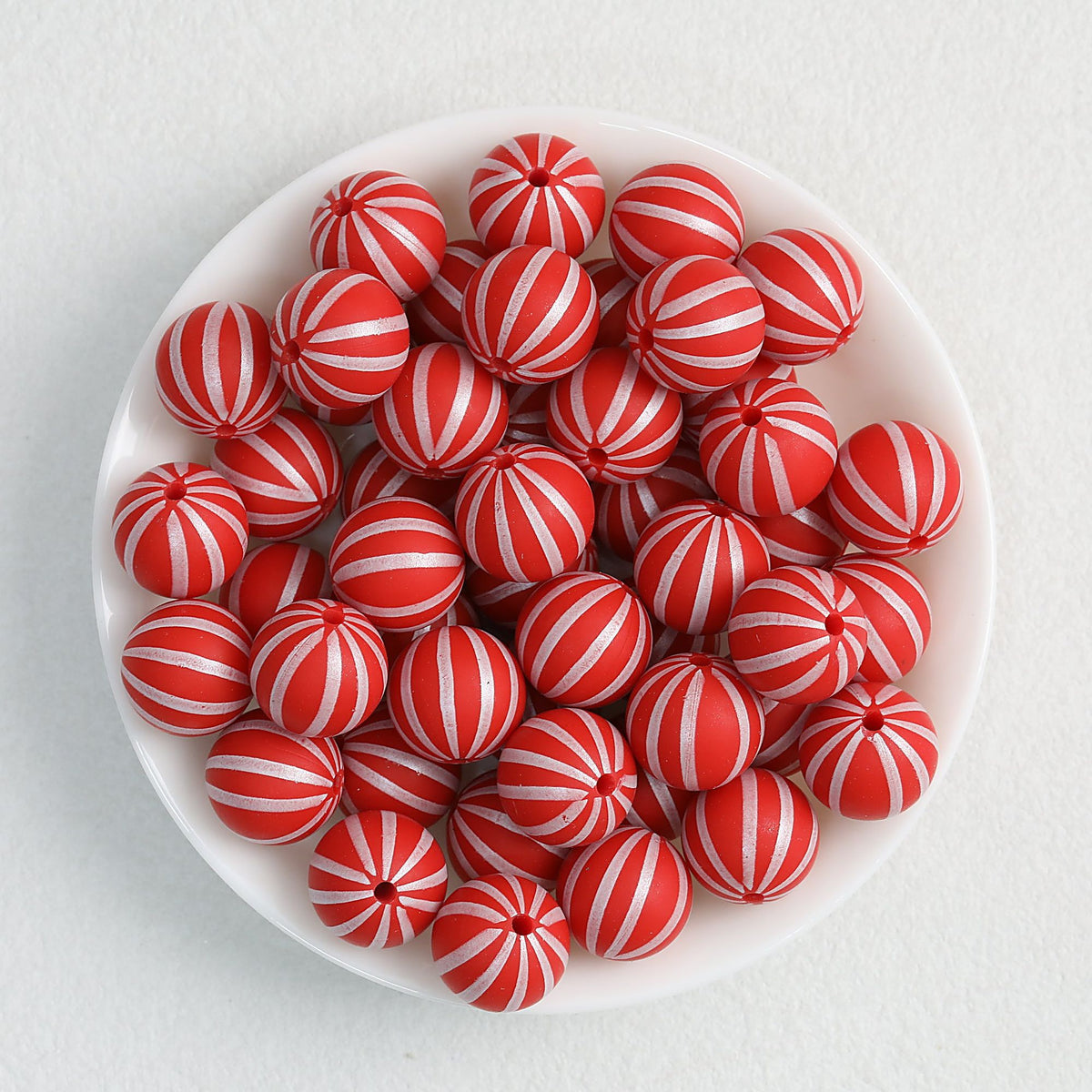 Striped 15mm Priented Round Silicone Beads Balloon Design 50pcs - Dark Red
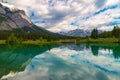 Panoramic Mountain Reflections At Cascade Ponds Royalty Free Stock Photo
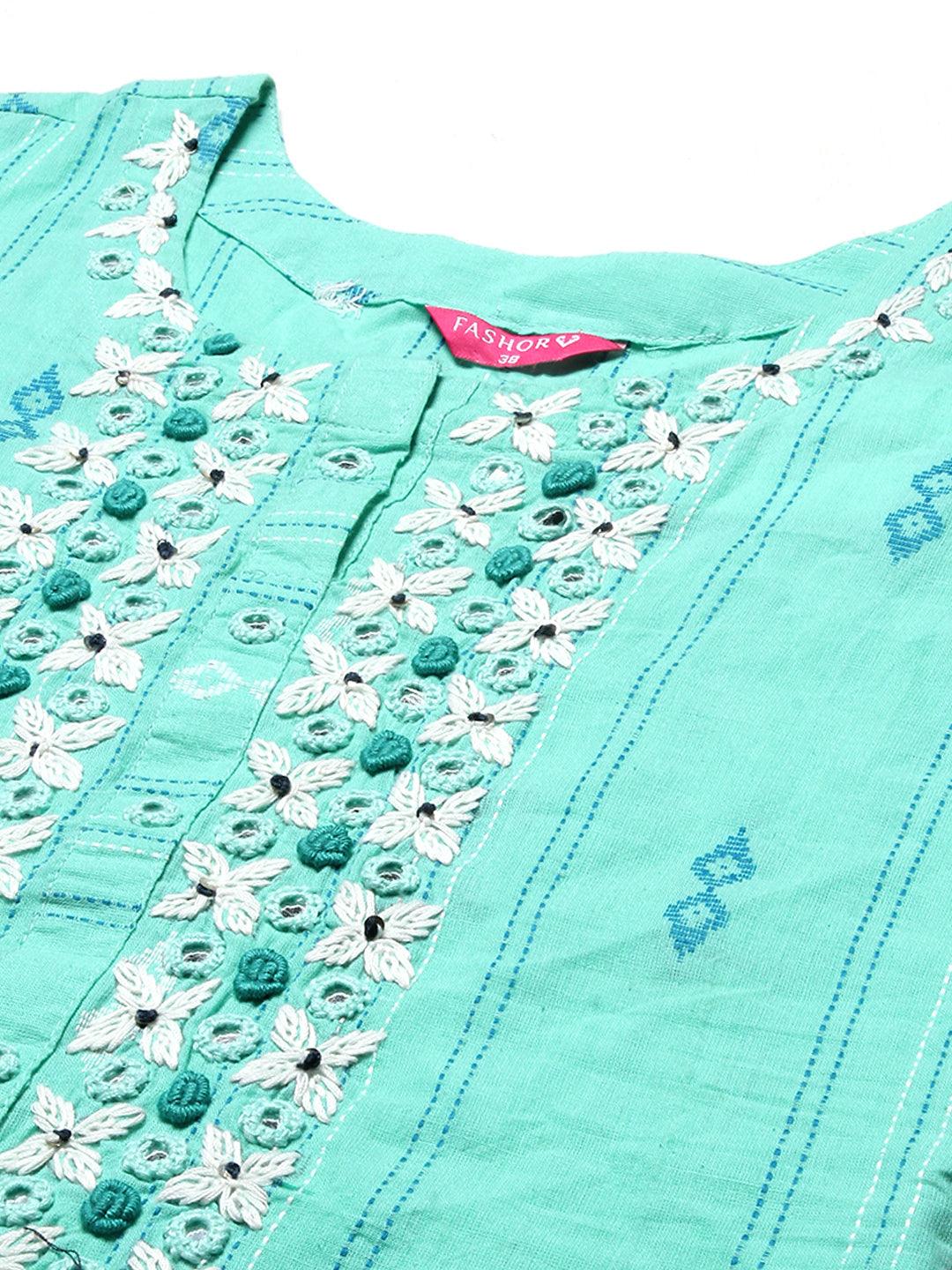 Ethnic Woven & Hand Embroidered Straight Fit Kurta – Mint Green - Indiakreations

WHAT THE TASK ASKS — Print the data exactly as written, dropping any images it holds.

EXPECTED ANSWER —
 Striped 15mm Priented Round Silicone Beads Balloon Design 50pcs - Dark Red
 Panoramic Mountain Reflections At Cascade Ponds Royalty Free Stock Photo
 Ethnic Woven & Hand Embroidered Straight Fit Kurta – Mint Green - Indiakreations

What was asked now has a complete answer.